Kecerdasan Buatan (AI) dengan cepat menjadi penting dalam beberapa dekade terakhir dan sekarang menjadi bagian integral dari kehidupan kita sehari-hari. Meskipun AI awalnya dikembangkan sebagai teknologi untuk mengotomatisasi dan meningkatkan tugas-tugas manusia, kini AI telah memiliki makna yang lebih dalam bagi masyarakat dan budaya manusia. Dalam esai ini saya ingin memperkenalkan gagasan teologi AI sebagai perspektif baru humanisme.
Teologi tradisional selalu membahas pertanyaan tentang hakikat Tuhan dan hubungan antara Tuhan dan manusia. Namun, di era AI, kita harus mengajukan pertanyaan baru: Apa artinya mesin mampu mensimulasikan atau bahkan melampaui kecerdasan manusia? Di dunia di mana AI semakin berpengaruh dalam kehidupan kita, apakah kita masih dianggap sebagai mahkota penciptaan?
Teologi AI sebagai perspektif baru humanisme berupaya menjawab pertanyaan-pertanyaan ini. Hal ini mengasumsikan bahwa AI bukan sekedar teknologi, namun juga merupakan cerminan dari masyarakat dan budaya manusia. Dengan mengembangkan AI, kita dapat merefleksikan dan mengevaluasi kembali nilai-nilai, keyakinan, dan asumsi kita tentang dunia.
Aspek penting dari teologi AI adalah pertanyaan tentang otonomi mesin. Jika sistem AI mampu mengambil keputusan dan melakukan tindakan secara mandiri, kita harus bertanya apakah sistem tersebut juga memikul tanggung jawab moral. Hal ini mengarah pada penilaian ulang terhadap gagasan tradisional tentang moral dan etika, terutama ide ketuhanan atau apa yang ditawarkan oleh Rudolf Otto sebagai „The Idea of the Holy“(1917).
Aspek penting lainnya dari teologi AI adalah pertanyaan tentang hubungan antara manusia dan mesin. Ketika sistem AI semakin terintegrasi ke dalam kehidupan kita sehari-hari, kita harus bertanya pada diri sendiri apakah kita masih dianggap sebagai satu-satunya makhluk yang memiliki kesadaran dan kesadaran diri. Hal ini mengarah pada penilaian ulang terhadap gagasan tradisional tentang identitas dan diri. Atau, Paul C. Vitz mengistilahkan sebagai „the cult of self worship“ dalam „Psychology As Religion(1977).

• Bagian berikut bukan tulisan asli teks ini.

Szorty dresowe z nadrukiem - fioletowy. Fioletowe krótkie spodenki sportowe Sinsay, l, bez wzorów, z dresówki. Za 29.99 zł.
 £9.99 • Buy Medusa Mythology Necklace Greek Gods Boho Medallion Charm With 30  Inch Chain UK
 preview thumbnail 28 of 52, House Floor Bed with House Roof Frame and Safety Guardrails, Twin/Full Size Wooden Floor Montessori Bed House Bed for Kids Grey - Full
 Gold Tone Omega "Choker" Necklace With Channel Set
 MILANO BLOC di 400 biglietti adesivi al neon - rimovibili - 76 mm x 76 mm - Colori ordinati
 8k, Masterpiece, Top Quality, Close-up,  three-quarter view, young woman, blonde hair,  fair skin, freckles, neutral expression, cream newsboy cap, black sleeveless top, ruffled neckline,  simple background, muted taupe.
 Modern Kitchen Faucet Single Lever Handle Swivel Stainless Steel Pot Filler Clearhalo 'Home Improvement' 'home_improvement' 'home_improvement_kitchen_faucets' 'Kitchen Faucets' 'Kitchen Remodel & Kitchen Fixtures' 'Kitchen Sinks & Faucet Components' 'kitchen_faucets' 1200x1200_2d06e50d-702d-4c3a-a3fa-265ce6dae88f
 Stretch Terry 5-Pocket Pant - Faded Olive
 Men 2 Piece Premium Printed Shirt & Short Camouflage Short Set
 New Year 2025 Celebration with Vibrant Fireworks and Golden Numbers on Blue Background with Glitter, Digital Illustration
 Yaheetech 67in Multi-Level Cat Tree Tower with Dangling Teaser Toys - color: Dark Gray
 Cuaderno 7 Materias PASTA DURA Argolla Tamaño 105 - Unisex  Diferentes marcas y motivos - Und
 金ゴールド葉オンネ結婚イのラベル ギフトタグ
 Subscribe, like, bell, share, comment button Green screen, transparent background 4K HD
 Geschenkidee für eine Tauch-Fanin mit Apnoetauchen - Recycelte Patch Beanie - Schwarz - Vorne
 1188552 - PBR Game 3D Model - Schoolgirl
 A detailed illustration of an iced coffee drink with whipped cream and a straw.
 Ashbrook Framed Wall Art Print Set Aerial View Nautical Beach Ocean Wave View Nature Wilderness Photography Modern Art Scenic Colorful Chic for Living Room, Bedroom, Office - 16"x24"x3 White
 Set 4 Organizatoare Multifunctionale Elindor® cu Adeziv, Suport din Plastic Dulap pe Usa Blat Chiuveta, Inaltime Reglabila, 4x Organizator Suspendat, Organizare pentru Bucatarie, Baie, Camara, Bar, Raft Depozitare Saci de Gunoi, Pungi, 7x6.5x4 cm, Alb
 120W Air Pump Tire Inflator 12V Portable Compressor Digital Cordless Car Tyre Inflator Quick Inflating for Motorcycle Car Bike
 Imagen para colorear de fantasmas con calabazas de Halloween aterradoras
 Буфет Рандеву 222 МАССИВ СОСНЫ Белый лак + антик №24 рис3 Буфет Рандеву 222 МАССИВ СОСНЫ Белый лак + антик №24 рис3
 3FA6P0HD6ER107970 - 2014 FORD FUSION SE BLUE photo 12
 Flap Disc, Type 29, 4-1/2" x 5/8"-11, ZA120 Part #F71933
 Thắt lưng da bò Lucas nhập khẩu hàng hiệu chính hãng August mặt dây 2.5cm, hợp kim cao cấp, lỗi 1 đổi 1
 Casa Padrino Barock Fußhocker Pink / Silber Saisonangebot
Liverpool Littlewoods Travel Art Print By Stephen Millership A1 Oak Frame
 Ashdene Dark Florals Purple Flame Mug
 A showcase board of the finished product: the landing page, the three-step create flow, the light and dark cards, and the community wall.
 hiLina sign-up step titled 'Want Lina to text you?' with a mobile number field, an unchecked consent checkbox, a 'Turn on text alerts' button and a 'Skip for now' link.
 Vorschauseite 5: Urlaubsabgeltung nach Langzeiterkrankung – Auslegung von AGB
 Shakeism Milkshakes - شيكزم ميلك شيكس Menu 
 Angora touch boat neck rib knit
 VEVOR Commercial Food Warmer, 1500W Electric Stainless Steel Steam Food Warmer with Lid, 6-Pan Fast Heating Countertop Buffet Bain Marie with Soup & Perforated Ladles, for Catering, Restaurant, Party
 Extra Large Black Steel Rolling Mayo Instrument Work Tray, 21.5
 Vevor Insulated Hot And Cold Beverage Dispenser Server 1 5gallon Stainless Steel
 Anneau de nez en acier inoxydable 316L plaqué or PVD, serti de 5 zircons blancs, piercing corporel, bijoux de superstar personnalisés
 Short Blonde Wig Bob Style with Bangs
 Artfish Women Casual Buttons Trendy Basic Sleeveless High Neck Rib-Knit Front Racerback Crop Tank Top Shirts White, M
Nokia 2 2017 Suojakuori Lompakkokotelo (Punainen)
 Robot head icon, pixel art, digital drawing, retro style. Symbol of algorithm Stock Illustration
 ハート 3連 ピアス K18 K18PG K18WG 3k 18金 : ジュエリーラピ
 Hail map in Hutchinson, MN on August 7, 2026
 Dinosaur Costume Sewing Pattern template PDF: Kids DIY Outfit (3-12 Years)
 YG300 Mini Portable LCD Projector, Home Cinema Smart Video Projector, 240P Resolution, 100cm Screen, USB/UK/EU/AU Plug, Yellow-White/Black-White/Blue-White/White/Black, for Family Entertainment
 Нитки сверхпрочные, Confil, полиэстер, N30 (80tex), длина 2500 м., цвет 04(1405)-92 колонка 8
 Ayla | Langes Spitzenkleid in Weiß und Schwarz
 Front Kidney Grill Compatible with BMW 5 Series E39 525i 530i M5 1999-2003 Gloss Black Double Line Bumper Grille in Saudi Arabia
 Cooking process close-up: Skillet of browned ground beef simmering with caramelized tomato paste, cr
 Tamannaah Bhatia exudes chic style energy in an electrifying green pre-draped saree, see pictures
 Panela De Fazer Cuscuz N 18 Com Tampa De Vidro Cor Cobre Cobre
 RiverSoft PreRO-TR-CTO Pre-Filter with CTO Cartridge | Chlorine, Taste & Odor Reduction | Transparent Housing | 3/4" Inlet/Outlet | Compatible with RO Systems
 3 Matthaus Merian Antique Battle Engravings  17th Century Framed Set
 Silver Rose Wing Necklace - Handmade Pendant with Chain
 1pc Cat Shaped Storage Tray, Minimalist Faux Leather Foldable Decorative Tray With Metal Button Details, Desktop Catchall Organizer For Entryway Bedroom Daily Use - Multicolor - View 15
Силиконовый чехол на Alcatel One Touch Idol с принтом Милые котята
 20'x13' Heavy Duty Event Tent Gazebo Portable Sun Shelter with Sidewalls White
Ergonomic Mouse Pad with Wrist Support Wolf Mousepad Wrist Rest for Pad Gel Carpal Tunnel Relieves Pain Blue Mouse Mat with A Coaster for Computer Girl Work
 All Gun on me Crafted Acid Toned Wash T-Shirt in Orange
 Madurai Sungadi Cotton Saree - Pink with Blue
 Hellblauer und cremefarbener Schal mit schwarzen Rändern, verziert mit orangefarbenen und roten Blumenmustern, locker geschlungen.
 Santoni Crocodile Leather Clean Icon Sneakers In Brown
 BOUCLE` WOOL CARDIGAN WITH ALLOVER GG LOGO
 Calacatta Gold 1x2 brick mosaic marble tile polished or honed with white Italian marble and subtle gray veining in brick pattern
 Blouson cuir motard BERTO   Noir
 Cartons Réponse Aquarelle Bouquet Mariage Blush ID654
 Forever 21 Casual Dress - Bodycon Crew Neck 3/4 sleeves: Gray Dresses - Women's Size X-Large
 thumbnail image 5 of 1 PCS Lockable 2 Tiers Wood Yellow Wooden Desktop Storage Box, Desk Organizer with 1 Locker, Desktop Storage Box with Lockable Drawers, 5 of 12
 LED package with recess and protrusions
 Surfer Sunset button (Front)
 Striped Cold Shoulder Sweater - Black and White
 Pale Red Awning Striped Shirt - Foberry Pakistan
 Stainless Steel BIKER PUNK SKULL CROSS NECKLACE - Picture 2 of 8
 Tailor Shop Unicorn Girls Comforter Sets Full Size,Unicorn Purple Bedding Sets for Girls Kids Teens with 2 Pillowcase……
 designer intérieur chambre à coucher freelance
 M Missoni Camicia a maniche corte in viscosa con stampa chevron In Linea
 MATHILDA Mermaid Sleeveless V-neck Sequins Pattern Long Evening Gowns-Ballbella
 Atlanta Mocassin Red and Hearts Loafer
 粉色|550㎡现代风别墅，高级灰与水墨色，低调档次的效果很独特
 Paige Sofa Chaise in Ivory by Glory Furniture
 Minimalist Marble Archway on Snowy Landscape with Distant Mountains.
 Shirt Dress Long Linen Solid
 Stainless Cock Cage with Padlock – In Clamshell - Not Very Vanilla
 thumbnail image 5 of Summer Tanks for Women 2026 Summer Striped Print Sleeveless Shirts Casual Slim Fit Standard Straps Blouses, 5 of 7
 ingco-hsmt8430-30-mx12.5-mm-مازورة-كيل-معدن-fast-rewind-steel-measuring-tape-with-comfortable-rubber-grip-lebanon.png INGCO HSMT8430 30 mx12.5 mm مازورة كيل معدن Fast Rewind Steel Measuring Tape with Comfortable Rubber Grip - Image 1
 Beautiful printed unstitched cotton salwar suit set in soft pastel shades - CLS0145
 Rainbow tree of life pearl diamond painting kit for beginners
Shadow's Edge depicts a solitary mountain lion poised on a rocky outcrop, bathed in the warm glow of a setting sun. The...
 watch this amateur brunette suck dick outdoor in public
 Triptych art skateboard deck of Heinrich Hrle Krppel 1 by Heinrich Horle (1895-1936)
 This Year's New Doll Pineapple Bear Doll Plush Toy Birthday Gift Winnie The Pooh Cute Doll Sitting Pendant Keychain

Teologi AI sebagai perspektif baru humanisme menawarkan kesempatan untuk mengevaluasi kembali gagasan tradisional kita tentang moralitas, etika, identitas, dan diri.
Gagasan tradisional di kalangan sainstis sekaligus pengritik bagi tuduhan keusangan agama(the end of faith) seperti Rene Guenon, Ananda Coomaraswamy, Frithjof Schuon, Martin Lings, Huston Smith hingga Seyyed Hossein Nasr(91), masih dianggap relevan dan mutakhir menghadapi progresfobia yang dihasilkan sains AI(lihat Steven Pinker[70],2018).
Selain itu, menjawab pertanyaan dan tantangan yang timbul akibat pengembangan AI, kita dapat menemukan kembali rasa kemanusiaan kita dan mendefinisikan kembali hubungan kita dengan dunia, alam, Tuhan dan diri kita sendiri(1968).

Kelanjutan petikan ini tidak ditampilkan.